In late May, preliminary data on the effectiveness of LAIV among children 2 years through 17 years during 2015-2016 season became available from the U.S. Influenza Vaccine Effectiveness Network. That data showed the estimate for LAIV VE among study participants in that age group against any flu virus was 3 percent (with a 95 percent Confidence Interval (CI) of -49 percent to 37 percent). This 3 percent estimate means no protective benefit could be measured. In comparison, IIV (flu shots) had a VE estimate of 63 percent (with a 95 percent CI of 52 percent to 72 percent) against any flu virus among children 2 years through 17 years. Other (non-CDC) studies support the conclusion that LAIV worked less well than IIV this season. The data from 2015-2016 follows two previous seasons (2013-2014 and 2014-2015) showing poor and/or lower than expected vaccine effectiveness (VE) for LAIV.
How well the flu vaccine works (or its ability to prevent flu illness) can range widely from season to season and can be affected by a number of factors, including characteristics of the person being vaccinated, the similarity between vaccine viruses and circulating viruses, and even which vaccine is used. LAIV contains live, weakened influenza viruses. Vaccines containing live viruses can cause a stronger immune response than vaccines with inactivated virus. LAIV VE data before and soon after licensure suggested it was either comparable to, or better than, IIV. The reason for the recent poor performance of LAIV is not known.
Vaccine manufacturers had projected that as many as 171 million to 176 million doses of flu vaccine, in all forms, would be available for the United States during the 2016-2017 season. The makers of LAIV had projected a supply of as many as 14 million doses of LAIV/nasal spray flu vaccine, or about 8 percent of the total projected supply. LAIV is sold as FluMist Quadrivalent and it is produced by MedImmune, a subsidiary of AstraZeneca. LAIV was initially licensed in 2003 as a trivalent (three-component) vaccine. LAIV is currently the only non-injection-based flu vaccine available on the market.

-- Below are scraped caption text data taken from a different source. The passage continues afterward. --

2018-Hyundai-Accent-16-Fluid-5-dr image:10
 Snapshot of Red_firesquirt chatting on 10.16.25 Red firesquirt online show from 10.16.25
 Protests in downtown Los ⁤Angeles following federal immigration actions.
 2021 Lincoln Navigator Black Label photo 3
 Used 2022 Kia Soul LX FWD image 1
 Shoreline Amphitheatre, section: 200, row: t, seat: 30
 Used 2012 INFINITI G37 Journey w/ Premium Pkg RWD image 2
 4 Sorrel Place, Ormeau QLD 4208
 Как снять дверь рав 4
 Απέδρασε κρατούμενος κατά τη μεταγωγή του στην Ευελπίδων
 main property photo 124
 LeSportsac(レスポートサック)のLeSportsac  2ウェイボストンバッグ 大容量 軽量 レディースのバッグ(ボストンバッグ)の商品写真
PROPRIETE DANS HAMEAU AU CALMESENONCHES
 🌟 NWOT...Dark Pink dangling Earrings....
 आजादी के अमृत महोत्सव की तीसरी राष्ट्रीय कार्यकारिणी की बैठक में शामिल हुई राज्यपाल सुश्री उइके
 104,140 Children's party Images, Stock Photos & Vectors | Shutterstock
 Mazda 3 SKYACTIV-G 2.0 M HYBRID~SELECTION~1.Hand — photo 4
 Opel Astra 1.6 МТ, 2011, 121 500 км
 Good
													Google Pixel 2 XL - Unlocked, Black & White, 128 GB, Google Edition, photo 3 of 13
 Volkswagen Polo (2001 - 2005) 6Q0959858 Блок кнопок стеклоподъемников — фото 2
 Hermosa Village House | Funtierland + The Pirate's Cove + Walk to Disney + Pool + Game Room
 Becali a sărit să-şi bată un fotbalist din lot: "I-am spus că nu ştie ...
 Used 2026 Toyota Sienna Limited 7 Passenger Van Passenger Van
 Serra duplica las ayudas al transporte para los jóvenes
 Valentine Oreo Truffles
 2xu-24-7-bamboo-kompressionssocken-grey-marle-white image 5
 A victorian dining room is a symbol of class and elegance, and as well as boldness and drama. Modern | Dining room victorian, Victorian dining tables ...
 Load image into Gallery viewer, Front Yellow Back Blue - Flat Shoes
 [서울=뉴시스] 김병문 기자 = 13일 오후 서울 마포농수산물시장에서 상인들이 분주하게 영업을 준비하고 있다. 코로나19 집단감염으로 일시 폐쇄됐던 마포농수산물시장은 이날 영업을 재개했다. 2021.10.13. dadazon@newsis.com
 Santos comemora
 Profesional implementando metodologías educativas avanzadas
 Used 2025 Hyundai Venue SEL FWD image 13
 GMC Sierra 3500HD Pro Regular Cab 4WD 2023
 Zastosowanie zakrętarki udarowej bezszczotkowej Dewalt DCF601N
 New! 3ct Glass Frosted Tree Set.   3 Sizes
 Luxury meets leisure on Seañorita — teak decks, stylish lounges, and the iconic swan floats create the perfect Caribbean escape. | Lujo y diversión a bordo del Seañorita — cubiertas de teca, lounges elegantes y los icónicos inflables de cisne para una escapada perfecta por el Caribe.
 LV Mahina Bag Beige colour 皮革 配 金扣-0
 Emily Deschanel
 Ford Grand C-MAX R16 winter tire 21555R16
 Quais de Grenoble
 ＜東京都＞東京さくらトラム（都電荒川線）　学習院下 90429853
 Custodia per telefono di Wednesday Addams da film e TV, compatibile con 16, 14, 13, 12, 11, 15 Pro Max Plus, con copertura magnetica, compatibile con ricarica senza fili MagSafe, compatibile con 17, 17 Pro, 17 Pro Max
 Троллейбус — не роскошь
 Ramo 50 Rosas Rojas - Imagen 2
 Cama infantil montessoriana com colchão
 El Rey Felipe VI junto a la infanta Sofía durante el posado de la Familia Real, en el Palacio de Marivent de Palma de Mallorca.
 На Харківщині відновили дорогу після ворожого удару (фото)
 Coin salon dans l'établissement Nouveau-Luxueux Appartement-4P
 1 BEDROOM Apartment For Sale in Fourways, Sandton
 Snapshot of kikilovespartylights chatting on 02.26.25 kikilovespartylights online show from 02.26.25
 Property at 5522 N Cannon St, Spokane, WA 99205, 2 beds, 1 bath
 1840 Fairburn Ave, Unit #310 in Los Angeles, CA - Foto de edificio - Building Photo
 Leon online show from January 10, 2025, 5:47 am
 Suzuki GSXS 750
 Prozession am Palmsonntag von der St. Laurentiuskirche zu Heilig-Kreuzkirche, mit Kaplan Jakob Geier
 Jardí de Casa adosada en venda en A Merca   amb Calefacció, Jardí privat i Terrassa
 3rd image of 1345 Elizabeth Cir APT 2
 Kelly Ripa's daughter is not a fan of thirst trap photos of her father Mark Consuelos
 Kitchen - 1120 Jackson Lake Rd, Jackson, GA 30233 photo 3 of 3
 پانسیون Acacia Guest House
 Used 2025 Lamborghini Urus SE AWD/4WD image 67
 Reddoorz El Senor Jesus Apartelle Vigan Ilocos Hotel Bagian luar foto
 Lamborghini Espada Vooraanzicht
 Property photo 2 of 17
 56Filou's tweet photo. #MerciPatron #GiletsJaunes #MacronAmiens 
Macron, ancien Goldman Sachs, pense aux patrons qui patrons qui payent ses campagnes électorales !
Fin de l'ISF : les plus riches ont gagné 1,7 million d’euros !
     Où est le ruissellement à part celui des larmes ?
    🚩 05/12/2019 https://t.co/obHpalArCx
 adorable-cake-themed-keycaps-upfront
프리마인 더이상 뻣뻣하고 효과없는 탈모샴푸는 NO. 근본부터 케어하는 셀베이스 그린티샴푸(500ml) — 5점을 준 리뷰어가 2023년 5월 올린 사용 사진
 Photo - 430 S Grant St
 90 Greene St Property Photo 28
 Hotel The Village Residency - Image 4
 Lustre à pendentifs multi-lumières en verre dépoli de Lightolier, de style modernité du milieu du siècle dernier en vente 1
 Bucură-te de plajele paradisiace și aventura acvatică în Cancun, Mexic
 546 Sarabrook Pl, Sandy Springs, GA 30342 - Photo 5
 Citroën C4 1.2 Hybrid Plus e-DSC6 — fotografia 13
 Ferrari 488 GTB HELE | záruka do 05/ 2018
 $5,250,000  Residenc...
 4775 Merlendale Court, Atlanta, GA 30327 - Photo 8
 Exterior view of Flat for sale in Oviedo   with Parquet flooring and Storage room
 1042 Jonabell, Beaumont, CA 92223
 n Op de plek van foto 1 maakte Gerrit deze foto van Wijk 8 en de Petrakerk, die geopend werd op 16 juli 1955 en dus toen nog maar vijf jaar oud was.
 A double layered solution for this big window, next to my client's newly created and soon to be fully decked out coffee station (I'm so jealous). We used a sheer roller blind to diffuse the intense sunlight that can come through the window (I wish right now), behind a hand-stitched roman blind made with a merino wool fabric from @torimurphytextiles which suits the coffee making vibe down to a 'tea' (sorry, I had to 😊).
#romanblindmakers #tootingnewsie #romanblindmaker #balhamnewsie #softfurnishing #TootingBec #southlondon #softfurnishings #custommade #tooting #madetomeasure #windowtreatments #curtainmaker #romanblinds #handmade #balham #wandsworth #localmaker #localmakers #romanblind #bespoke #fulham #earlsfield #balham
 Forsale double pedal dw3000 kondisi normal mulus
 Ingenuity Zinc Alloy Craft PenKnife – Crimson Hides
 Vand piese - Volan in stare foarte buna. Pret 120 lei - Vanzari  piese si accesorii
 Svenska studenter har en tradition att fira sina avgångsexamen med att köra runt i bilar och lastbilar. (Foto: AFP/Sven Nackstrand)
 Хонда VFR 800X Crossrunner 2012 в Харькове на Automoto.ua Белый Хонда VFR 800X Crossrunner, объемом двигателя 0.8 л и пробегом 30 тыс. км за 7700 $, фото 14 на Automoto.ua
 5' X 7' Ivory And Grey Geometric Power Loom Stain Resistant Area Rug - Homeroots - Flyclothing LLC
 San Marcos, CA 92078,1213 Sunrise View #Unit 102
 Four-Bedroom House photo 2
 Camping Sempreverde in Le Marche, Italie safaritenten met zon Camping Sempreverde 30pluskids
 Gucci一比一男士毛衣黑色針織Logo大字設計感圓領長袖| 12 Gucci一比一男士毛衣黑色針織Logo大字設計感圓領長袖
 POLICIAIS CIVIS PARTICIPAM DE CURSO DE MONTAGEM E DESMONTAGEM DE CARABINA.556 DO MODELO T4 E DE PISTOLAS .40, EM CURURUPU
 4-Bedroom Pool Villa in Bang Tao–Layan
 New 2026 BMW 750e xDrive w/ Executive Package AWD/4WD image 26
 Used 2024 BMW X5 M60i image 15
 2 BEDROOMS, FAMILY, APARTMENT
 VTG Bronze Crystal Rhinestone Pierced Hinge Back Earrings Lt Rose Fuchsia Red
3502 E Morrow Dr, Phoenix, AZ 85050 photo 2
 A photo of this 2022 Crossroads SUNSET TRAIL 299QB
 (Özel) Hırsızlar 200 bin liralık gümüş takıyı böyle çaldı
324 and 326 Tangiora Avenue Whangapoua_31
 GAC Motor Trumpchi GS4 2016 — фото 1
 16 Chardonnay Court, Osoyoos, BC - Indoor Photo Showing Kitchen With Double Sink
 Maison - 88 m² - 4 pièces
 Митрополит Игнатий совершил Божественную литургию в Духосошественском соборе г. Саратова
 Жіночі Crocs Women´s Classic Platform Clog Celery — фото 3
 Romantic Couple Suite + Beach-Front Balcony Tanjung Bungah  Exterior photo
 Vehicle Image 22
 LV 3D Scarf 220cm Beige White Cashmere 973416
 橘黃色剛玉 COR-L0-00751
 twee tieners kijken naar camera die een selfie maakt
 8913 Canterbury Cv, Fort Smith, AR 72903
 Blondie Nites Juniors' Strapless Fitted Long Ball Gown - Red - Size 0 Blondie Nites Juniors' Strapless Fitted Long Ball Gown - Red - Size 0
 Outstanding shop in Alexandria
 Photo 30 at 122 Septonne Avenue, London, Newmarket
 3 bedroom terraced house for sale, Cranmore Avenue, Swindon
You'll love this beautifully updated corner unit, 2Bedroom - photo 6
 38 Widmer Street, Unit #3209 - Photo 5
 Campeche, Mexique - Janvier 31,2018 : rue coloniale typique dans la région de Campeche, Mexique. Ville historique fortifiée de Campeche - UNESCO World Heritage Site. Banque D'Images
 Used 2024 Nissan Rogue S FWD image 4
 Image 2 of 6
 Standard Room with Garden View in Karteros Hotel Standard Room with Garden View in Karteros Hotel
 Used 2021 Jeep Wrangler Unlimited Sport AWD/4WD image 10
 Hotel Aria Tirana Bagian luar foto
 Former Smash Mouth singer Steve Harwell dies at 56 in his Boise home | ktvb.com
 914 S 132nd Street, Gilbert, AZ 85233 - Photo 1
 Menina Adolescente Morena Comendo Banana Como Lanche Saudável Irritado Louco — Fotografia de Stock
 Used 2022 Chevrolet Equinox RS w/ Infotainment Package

Today’s ACIP vote could have implications for vaccine providers who have already placed vaccine orders. The ACIP recommendation may particularly affect pediatricians and other vaccine providers for children since data from recent seasons suggests nasal spray flu vaccine accounts for about one-third of all flu vaccines given to children. CDC will be working with manufacturers throughout the summer to ensure there is enough vaccine supply to meet the demand.
CDC conducts vaccine effectiveness (VE) studies each season to estimate flu vaccine effectiveness. Today’s ACIP vote highlights the importance of measuring and evaluating the effectiveness of public health interventions, which can have significant implications for public health policy. The change in the ACIP recommendation is an example of using new available data to ensure public health actions are most beneficial. Influenza is a serious disease that causes millions of illnesses, hundreds of thousands of hospitalizations, and thousands or tens of thousands of deaths each year. While the protection offered by flu vaccines can vary, the flu shot’s overall VE estimate of 49 percent suggests that millions of people were protected against flu last season.
Today’s ACIP recommendation must be reviewed and approved by CDC’s director before it becomes CDC policy. The final annual recommendations on the prevention and control of influenza with vaccines will be published in a CDC Morbidity and Mortality Weekly Report (MMWR), Recommendations and Reports in late summer or early fall.
CDC has recommended an annual influenza vaccination for everyone ages 6 months and older since February 24, 2010. CDC and ACIP briefly had a preferential recommendation for nasal spray vaccine for young children (during 2014-2015); however, during the 2015-2016 season, influenza vaccination was recommended without any preference for one vaccine type or formulation over another.